§ **WHAT YOU SHOULD DO**
Output only the lines of the entries that follow, starting at the one with "New 2024 Ford" and running down to the one with "Resort Shirt in Navy", both included and unchanged.

Records from a dataset:
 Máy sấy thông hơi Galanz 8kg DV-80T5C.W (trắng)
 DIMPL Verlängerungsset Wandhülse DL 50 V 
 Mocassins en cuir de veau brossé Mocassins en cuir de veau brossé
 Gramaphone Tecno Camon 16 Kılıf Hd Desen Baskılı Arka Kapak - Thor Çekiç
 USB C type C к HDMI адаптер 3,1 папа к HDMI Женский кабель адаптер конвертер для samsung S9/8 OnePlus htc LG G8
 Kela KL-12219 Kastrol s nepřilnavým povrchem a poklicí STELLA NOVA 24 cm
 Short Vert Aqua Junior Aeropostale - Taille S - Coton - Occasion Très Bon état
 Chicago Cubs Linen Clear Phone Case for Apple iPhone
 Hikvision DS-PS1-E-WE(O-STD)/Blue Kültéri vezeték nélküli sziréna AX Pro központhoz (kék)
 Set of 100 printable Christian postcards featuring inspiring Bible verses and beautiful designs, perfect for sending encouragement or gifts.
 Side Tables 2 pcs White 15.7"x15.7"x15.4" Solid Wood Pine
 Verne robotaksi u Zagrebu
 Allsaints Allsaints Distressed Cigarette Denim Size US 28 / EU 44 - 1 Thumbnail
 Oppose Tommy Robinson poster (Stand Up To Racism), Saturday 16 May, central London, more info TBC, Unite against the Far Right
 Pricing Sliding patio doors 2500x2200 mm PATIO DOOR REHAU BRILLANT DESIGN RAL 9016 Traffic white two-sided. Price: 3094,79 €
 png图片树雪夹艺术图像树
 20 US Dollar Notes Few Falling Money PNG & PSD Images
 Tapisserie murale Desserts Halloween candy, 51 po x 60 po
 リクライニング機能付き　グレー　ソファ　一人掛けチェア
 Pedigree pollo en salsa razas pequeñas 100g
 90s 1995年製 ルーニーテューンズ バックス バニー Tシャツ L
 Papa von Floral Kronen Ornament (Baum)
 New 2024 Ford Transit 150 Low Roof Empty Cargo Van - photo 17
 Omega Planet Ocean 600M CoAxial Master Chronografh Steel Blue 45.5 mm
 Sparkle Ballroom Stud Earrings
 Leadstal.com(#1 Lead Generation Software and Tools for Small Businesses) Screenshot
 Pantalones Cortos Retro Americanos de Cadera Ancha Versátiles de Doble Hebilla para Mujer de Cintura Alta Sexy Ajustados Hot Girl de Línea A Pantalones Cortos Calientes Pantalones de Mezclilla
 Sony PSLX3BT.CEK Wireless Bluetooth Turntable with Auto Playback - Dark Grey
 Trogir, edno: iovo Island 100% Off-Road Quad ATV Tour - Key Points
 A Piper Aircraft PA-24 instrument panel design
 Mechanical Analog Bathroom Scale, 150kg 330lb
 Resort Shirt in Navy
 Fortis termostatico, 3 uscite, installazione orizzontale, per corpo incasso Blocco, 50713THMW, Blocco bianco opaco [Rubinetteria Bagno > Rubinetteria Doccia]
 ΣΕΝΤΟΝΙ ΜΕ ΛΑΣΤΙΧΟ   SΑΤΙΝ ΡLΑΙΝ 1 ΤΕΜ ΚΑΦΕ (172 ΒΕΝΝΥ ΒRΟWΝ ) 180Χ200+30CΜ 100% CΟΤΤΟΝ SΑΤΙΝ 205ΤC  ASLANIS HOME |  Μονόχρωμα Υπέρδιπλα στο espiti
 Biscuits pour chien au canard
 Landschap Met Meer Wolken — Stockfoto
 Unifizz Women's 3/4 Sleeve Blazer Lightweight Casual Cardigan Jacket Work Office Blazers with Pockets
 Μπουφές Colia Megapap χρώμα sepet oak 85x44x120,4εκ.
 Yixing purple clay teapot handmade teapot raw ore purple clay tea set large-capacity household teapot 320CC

§ **FINISHED EXERCISE**
 New 2024 Ford Transit 150 Low Roof Empty Cargo Van - photo 17
 Omega Planet Ocean 600M CoAxial Master Chronografh Steel Blue 45.5 mm
 Sparkle Ballroom Stud Earrings
 Leadstal.com(#1 Lead Generation Software and Tools for Small Businesses) Screenshot
 Pantalones Cortos Retro Americanos de Cadera Ancha Versátiles de Doble Hebilla para Mujer de Cintura Alta Sexy Ajustados Hot Girl de Línea A Pantalones Cortos Calientes Pantalones de Mezclilla
 Sony PSLX3BT.CEK Wireless Bluetooth Turntable with Auto Playback - Dark Grey
 Trogir, edno: iovo Island 100% Off-Road Quad ATV Tour - Key Points
 A Piper Aircraft PA-24 instrument panel design
 Mechanical Analog Bathroom Scale, 150kg 330lb
 Resort Shirt in Navy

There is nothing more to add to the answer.